## Try it:
Please write out all the data that follows exactly, without the pictures.

## Data segment:

"""

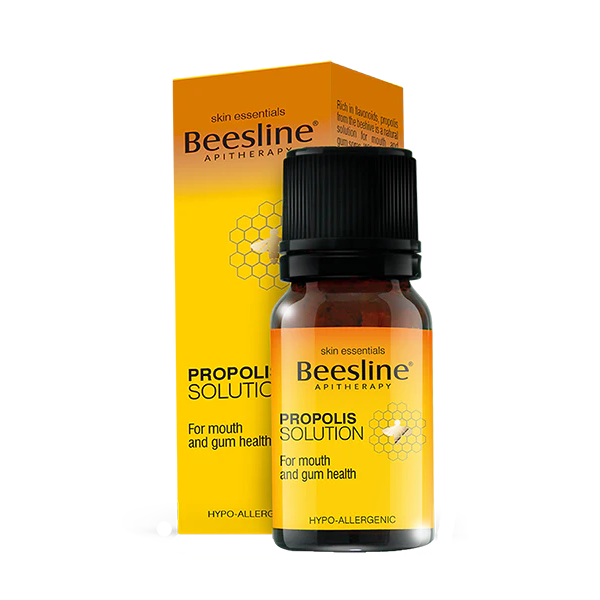 Beesline Propolis Solution 10ml Oral Soothing Formula-1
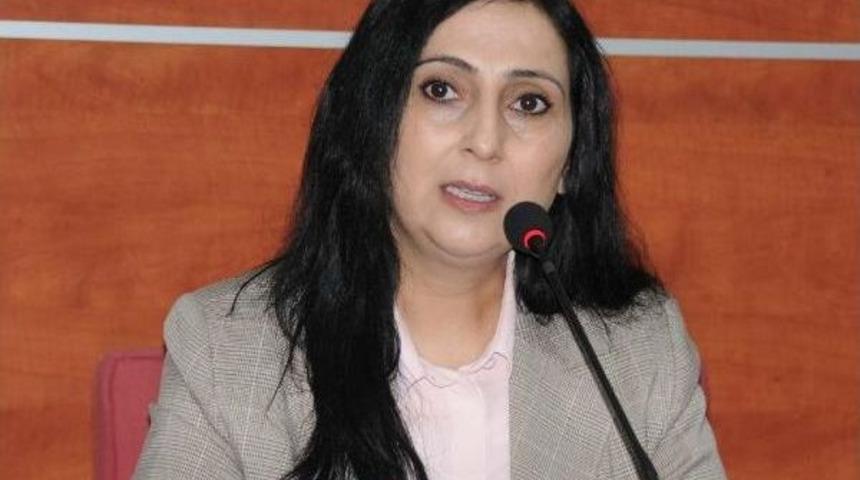 Y&uuml;ksekdağ Van'da Engelliler Ile Bir Araya Geldi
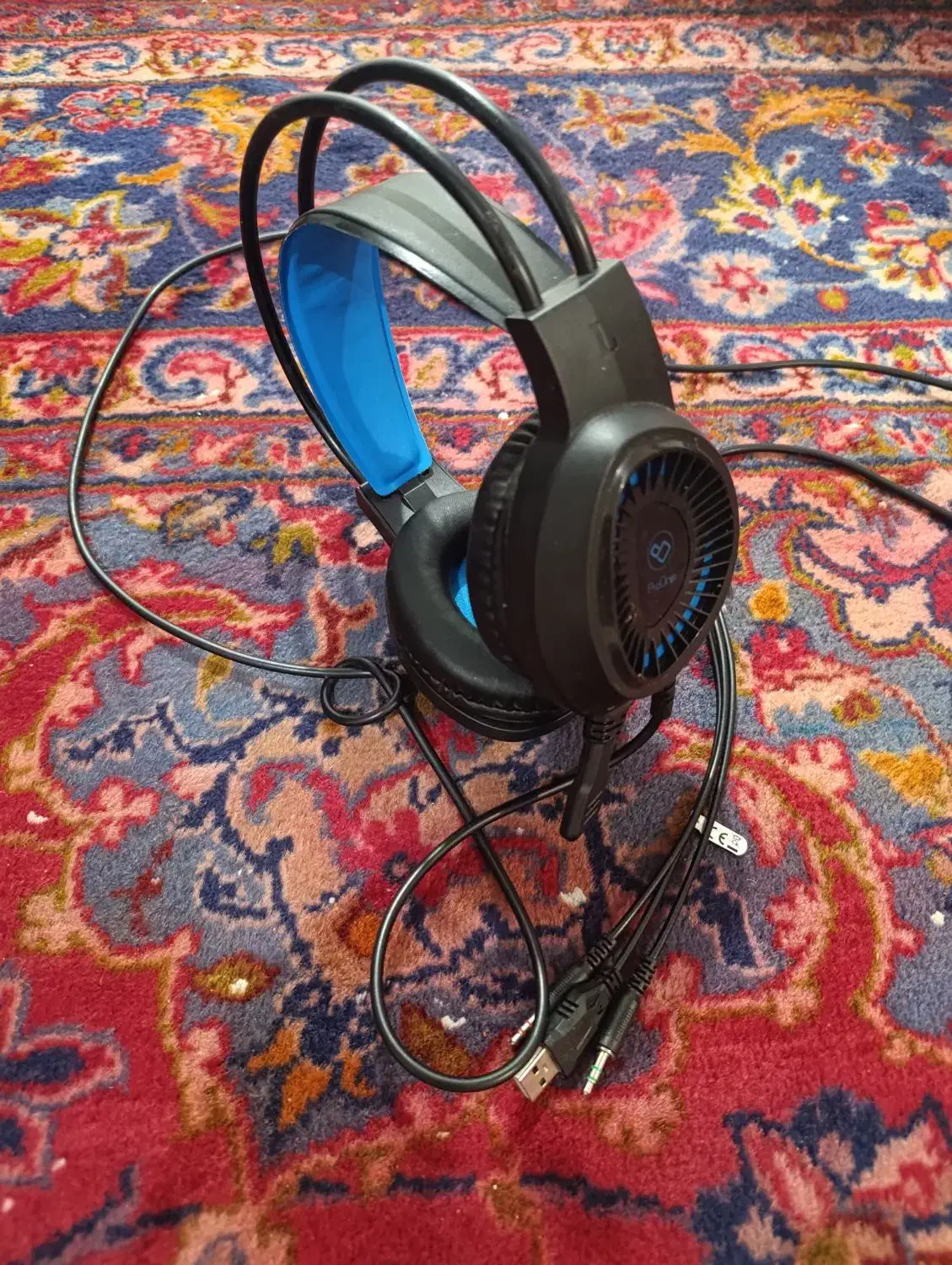 هدفون گیمینگ|قطعات و لوازم جانبی رایانه|بناب, |دیوار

"""

## Exercise output:
 Beesline Propolis Solution 10ml Oral Soothing Formula-1
 Y&uuml;ksekdağ Van'da Engelliler Ile Bir Araya Geldi
 هدفون گیمینگ|قطعات و لوازم جانبی رایانه|بناب, |دیوار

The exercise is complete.